Anyone who has spent more than about five minutes around me knows that I have a problem with being a perfectionist. I’m incredibly hard on myself when I make mistakes, and I tend to focus on the negative things I’ve done or said even when the positives vastly outnumber the negatives. I also know that I’m not alone in this trait, although from the stories my mother tells I’ve suffered from it more severely and for longer than many.

I don’t like being this way, and in the past decade I’ve actively worked on trying to embrace my imperfections. Having a daughter has helped enormously in that, both because I have many more opportunities to screw up and also because she suffers from the same trait. Watching her struggle with it has helped me to see it more clearly in myself. I’m also very forgiving of her imperfections, which makes my standard for myself seem extreme.

Somewhere in the past decade I’ve also come to see that being imperfect (and recognizing it) makes you a better teacher and mentor. Making mistakes can make you more compassionate with people, since it’s hard to distance yourself from someone doing something very familiar. When you share a mistake with someone you also have a good idea why they may have done it, which improves your understanding and forgiveness.

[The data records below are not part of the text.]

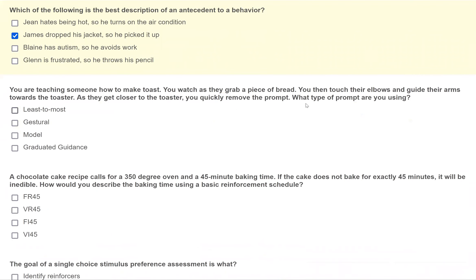Question two: you're teaching someone how to make toast. You watch as they grab a piece of bread, touch their elbows, and guide their arms towards the toaster. As they get closer, you quickly remove the prompt. What type of prompt are you using? Remember, our two primary prompting strategies are most-to-least and least-to-most — but this question asks for a specific type of prompt, not the strategy. Don't choose most-to-least or least-to-most.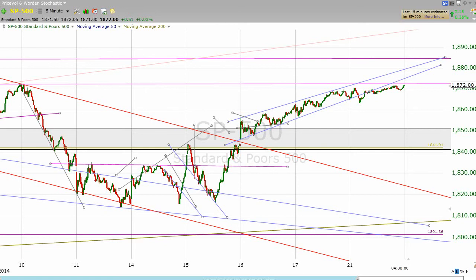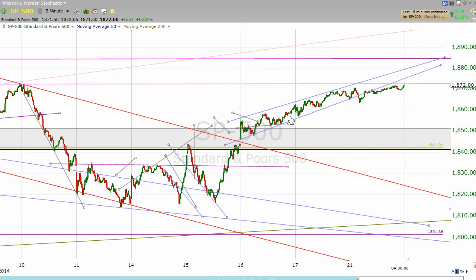Well, the first thing is I feel pretty good about the call that eventually we would reach 1872. It was hard to say whether we would go straight there or whether we would come up a bit, then come back down. But as we finished up on Friday, we were so close it just made sense that we give a go for 1872 today. And we closed at 1872. So whoever watches my videos that's in charge of the S&P, thank you for making me look halfway good.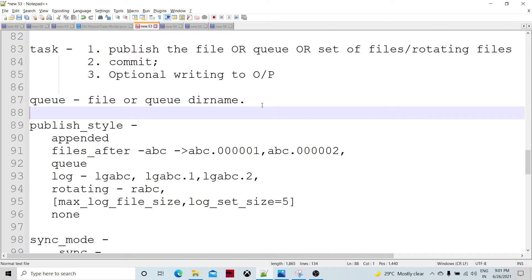There is a Publish style parameter, which is an important parameter where most of the functioning of the Publish component happens. The first option is 'appended'. In the case where we specify a file in the queue parameter, the file is going to be appended. If we specify a base name such as 'ABC' in the queue parameter, the files are going to be generated as ABC.00001, ABC.00002, and so on — a sequence of files will be generated.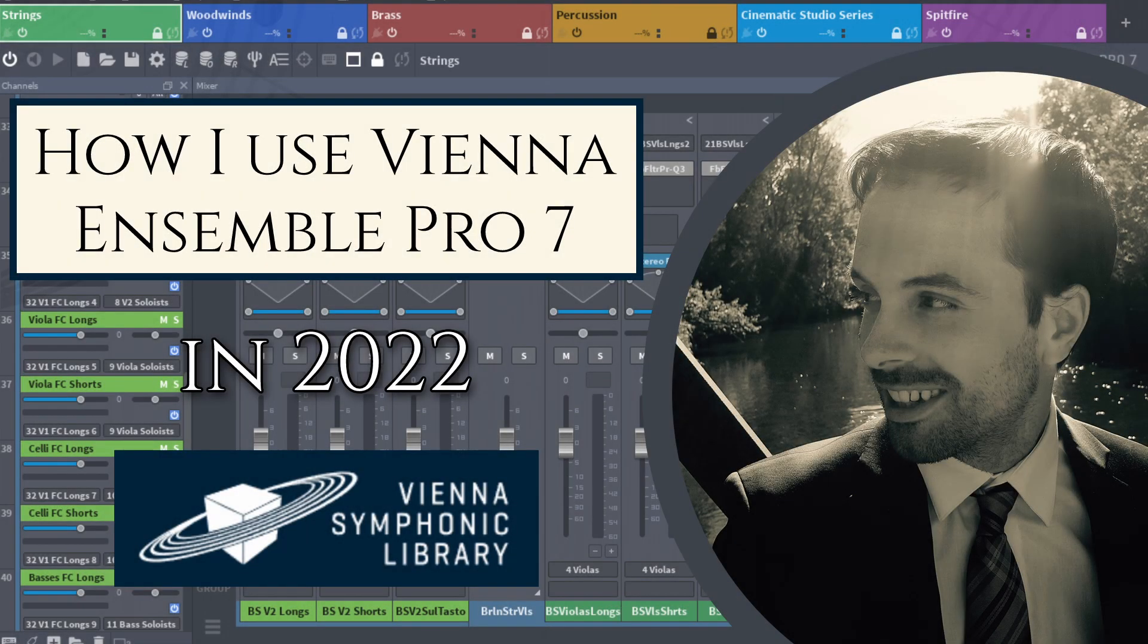Hi everybody, so today I thought I'd make a video demonstrating how I'm currently using Vienna Ensemble Pro 7 in 2022.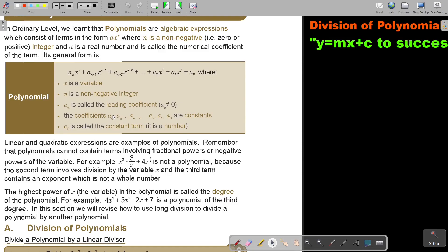The coefficients A_N, A_(N-1), and so on are constants, and A_0 is called the constant term — so if there's only a number, it's the constant term. Linear and quadratic expressions are examples of polynomials. Remember that polynomials cannot contain terms involving fractional powers or negative powers of the variable.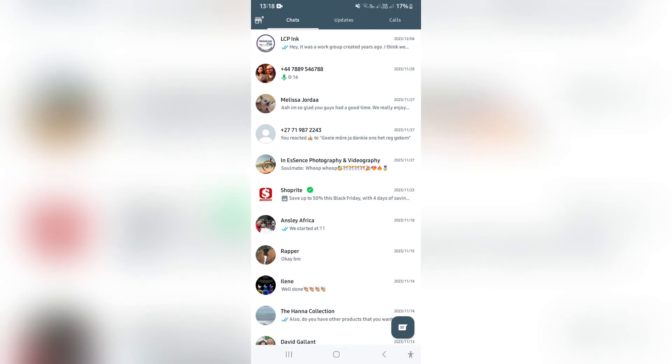Ladies and gentlemen, we are in WhatsApp and I'm going to show you how to reset your WhatsApp settings back to default.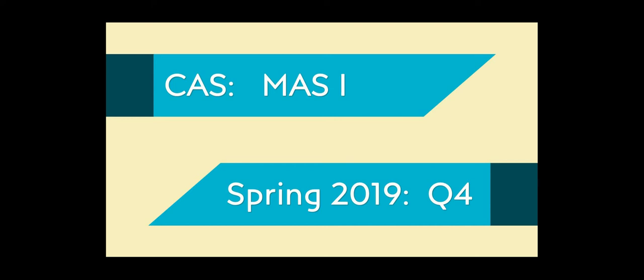Hello, this is Taylor walking you through question 4 of the MAS 1 Spring 2019 exam. Let's get started.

On that note, I’m happy to report that I was nearly an hour late to a Skype research meeting today. The fact that the person involved was scolded by me about two weeks ago for being only 20 minutes late to a meeting was not at all lost on me, so I opened by telling him he needed to scold me. Being the nice man that he is, he declined the opportunity, which of course only made me feel worse. But I am happy to report that my mistake and his patience have given me some much-needed perspective, and for that I thank him.